(Dataset records begins)
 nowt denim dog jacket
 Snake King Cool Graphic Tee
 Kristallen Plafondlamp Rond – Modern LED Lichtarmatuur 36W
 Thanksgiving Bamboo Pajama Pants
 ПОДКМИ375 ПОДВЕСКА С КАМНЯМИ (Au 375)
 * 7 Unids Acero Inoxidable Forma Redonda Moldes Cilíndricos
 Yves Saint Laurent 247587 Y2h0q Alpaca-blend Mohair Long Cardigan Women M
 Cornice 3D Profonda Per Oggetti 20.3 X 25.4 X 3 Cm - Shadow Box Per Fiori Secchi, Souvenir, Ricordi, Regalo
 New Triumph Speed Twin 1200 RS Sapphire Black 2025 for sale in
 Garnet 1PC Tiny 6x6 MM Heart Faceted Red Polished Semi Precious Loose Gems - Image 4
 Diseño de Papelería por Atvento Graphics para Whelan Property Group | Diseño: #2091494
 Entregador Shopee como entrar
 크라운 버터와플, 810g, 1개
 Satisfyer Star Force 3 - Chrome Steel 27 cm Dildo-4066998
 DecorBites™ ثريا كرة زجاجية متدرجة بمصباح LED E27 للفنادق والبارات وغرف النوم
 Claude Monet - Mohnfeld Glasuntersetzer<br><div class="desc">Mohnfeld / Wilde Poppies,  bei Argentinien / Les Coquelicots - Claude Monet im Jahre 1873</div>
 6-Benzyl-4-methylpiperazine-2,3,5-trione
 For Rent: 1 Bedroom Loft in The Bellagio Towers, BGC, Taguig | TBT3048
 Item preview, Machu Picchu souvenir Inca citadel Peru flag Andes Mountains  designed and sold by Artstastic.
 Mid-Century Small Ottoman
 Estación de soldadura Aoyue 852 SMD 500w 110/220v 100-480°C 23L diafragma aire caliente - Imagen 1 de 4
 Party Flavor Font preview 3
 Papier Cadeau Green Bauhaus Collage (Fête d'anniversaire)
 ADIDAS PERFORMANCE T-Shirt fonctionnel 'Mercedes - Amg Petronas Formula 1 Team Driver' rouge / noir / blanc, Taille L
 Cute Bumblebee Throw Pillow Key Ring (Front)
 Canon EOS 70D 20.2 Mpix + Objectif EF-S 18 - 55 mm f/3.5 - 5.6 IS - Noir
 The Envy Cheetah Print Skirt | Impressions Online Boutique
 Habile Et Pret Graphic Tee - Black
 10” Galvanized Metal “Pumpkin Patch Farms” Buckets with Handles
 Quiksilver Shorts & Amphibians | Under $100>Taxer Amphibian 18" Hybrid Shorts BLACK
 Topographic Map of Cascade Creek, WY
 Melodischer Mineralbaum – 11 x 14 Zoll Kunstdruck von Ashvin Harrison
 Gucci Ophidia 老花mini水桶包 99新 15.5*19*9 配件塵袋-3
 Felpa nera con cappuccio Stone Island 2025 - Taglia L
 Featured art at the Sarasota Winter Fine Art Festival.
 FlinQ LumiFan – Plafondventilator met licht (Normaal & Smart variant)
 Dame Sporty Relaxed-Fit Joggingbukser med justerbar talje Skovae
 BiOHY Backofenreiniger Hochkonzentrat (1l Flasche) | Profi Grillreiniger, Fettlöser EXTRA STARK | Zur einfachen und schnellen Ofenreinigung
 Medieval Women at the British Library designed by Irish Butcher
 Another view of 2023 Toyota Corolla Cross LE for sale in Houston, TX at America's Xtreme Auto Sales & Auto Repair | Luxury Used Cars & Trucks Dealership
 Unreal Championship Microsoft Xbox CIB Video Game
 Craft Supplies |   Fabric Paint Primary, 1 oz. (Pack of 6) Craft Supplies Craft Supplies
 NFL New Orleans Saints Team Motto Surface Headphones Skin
(Dataset records ends)
* [About this exercise]: Only those lines of the entries above that run from the line containing "Kristallen Plafondlamp Rond" to the line containing "Melodischer Mineralbaum –", both included, should be transcribed exactly.

* [Task result]:
 Kristallen Plafondlamp Rond – Modern LED Lichtarmatuur 36W
 Thanksgiving Bamboo Pajama Pants
 ПОДКМИ375 ПОДВЕСКА С КАМНЯМИ (Au 375)
 * 7 Unids Acero Inoxidable Forma Redonda Moldes Cilíndricos
 Yves Saint Laurent 247587 Y2h0q Alpaca-blend Mohair Long Cardigan Women M
 Cornice 3D Profonda Per Oggetti 20.3 X 25.4 X 3 Cm - Shadow Box Per Fiori Secchi, Souvenir, Ricordi, Regalo
 New Triumph Speed Twin 1200 RS Sapphire Black 2025 for sale in
 Garnet 1PC Tiny 6x6 MM Heart Faceted Red Polished Semi Precious Loose Gems - Image 4
 Diseño de Papelería por Atvento Graphics para Whelan Property Group | Diseño: #2091494
 Entregador Shopee como entrar
 크라운 버터와플, 810g, 1개
 Satisfyer Star Force 3 - Chrome Steel 27 cm Dildo-4066998
 DecorBites™ ثريا كرة زجاجية متدرجة بمصباح LED E27 للفنادق والبارات وغرف النوم
 Claude Monet - Mohnfeld Glasuntersetzer<br><div class="desc">Mohnfeld / Wilde Poppies,  bei Argentinien / Les Coquelicots - Claude Monet im Jahre 1873</div>
 6-Benzyl-4-methylpiperazine-2,3,5-trione
 For Rent: 1 Bedroom Loft in The Bellagio Towers, BGC, Taguig | TBT3048
 Item preview, Machu Picchu souvenir Inca citadel Peru flag Andes Mountains  designed and sold by Artstastic.
 Mid-Century Small Ottoman
 Estación de soldadura Aoyue 852 SMD 500w 110/220v 100-480°C 23L diafragma aire caliente - Imagen 1 de 4
 Party Flavor Font preview 3
 Papier Cadeau Green Bauhaus Collage (Fête d'anniversaire)
 ADIDAS PERFORMANCE T-Shirt fonctionnel 'Mercedes - Amg Petronas Formula 1 Team Driver' rouge / noir / blanc, Taille L
 Cute Bumblebee Throw Pillow Key Ring (Front)
 Canon EOS 70D 20.2 Mpix + Objectif EF-S 18 - 55 mm f/3.5 - 5.6 IS - Noir
 The Envy Cheetah Print Skirt | Impressions Online Boutique
 Habile Et Pret Graphic Tee - Black
 10” Galvanized Metal “Pumpkin Patch Farms” Buckets with Handles
 Quiksilver Shorts & Amphibians | Under $100>Taxer Amphibian 18" Hybrid Shorts BLACK
 Topographic Map of Cascade Creek, WY
 Melodischer Mineralbaum – 11 x 14 Zoll Kunstdruck von Ashvin Harrison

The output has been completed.